About transformation in linear algebra

43 Views Asked by At

I have a confusion about transformation in linear algebra.

Consider a vector(1,1) in x,y coordinate. I have a translation 1 unit upwards. (x',y') = (1,1) + (0,1)=(1,2) this means my vector now is in (1,2) in x,y coordinate? or I am in some x',y' coordinate? If I am in a new coordinate frame x',y', my new vector should be still (1,1)? Since my new coordinate frame x',y' should be also transformed 1 unit upward.

Or this transformation is describing coordinate frame. Then my coordinate frame move 1 unit upwards. Then my new vector should be (0,-1) in x',y' , but how can I get -1 from the transformation?

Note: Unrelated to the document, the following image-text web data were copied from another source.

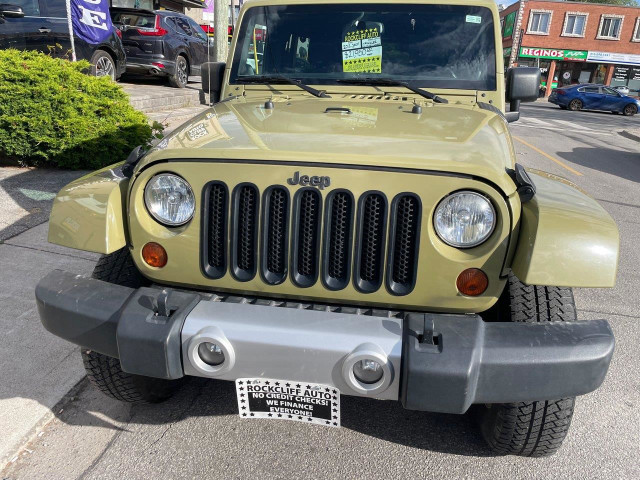 2013 Jeep Wrangler Unlimited Sahara Sahara in Cars & Trucks in City of Toronto - Image 2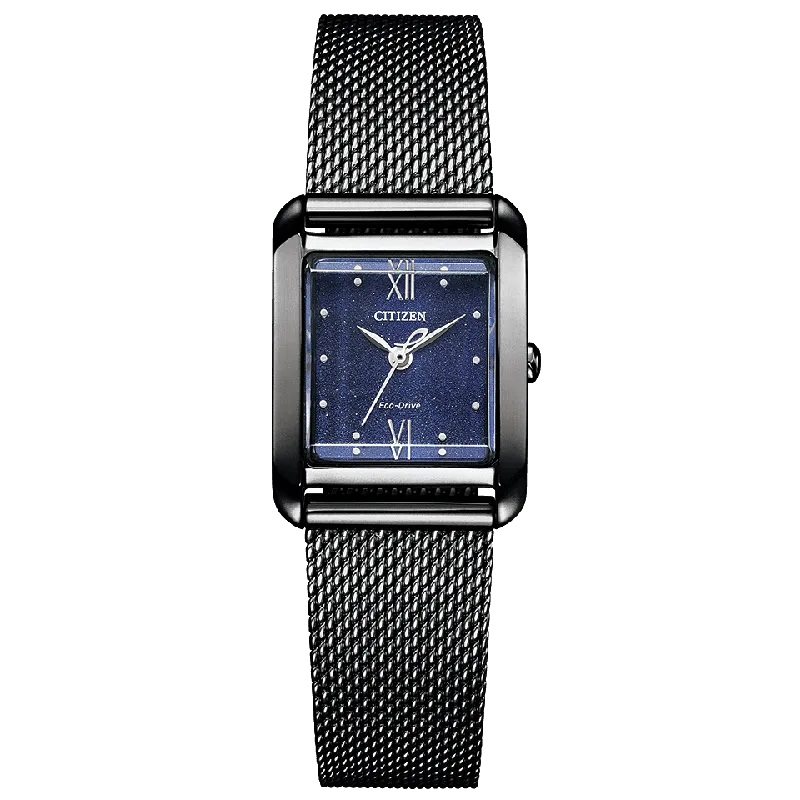 CITIZEN L EW5597-63L Photovoltaic eco-drive stainless watch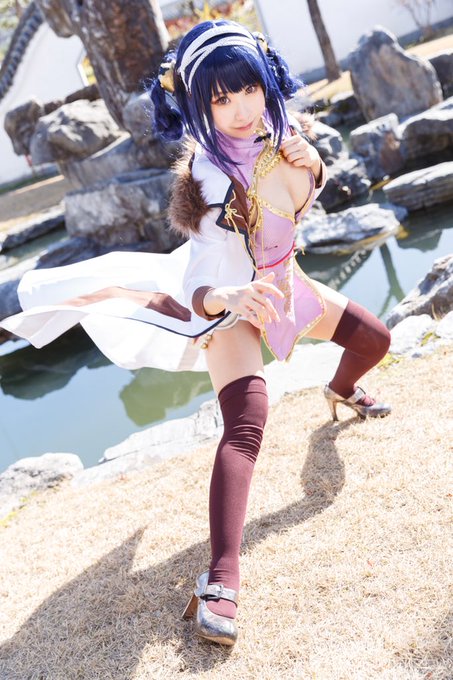 Twitterのコスプレ画像78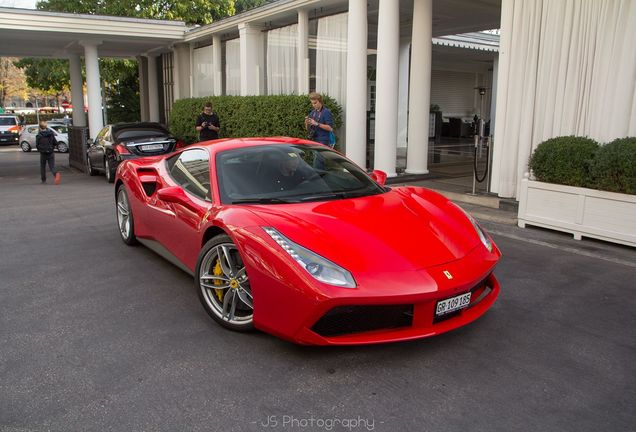 Ferrari 488 GTB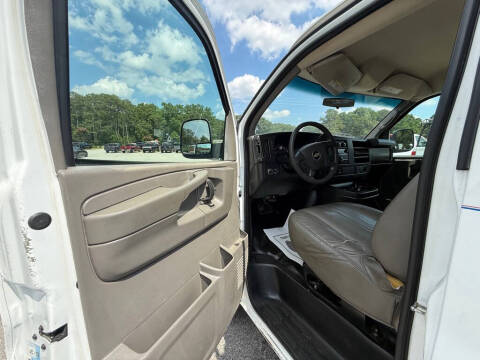 2015 Chevrolet Express 2500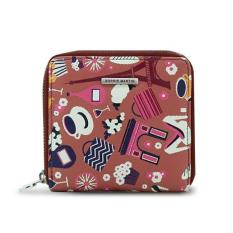 Sophie Paris Dompet Wanita Import Branded Dusty Wallet W1517D1 - Dusty Pink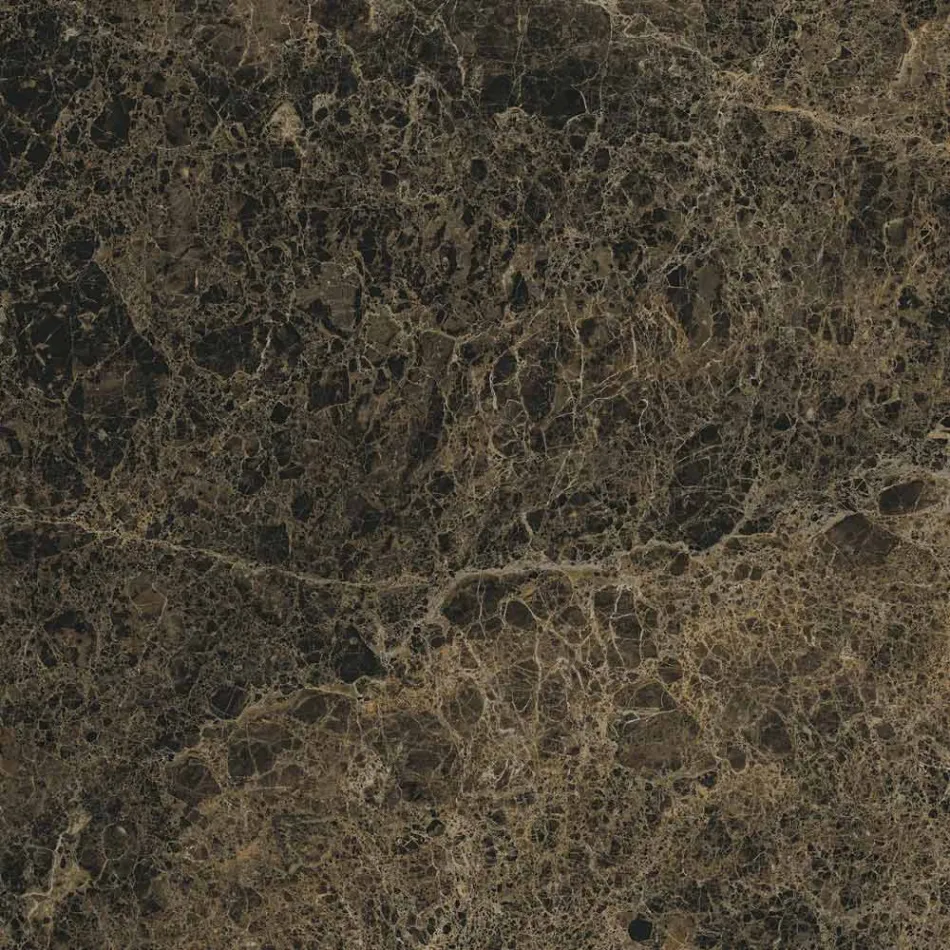 Metal Coffee Table Ceramic Top with Storage - Emirate Viadurini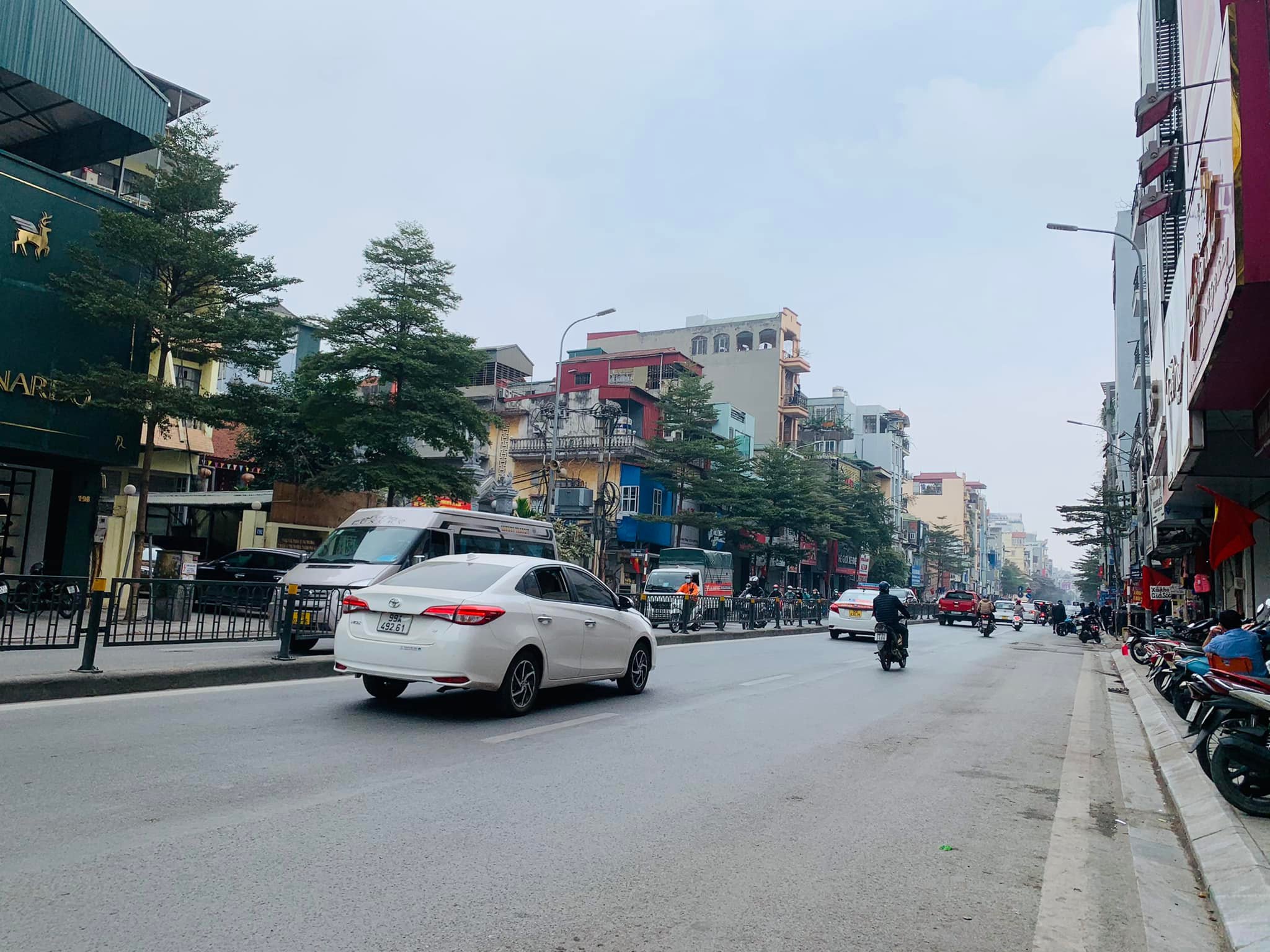 MẶT PHỐ KINH DOANH - CHO THUÊ 50TR/T - MẶT TIỀN LÝ TƯỞNG
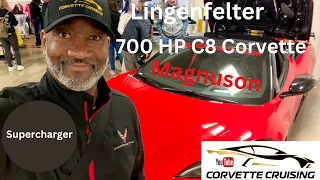 700 HP C8 Stingray Corvette Lingenfelter Magnuson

Similarly in rotation, I don't quite understand the rotation matrix is rotating the vector or rotating the coordinate frame.

Thank you!

1

There are 1 best solutions below

0
On

A Linear Transformation always preserves linearity in the sense that:

$$L(\sum_{i=1}^{n}\alpha_i e_i) = \sum_{i=1}^{n}L(\alpha_i e_i)$$

This is, if you input $x=(x,y)=e_1+e_2=(1,1)$, then $L(x,y)=L(1,1)=L(e_1+e_2)=L(1,0)+L(0,1)$. Then you can visualize the output as a transformation of (x,y), so this vector is $(x',y')=L(x,y)$.

This is, you got two pairs, first the origin or input point $(x,y)$ and the transformation point $(x',y')$. You can either update $(x,y)$ to be $(x',y')$ or maintain $(x,y)$ and $(x',y')$ separated. Of course, the inverse of the linear transformation (if it's a non singular matrix) would return to $(x,y)$ given the point $(x',y')$.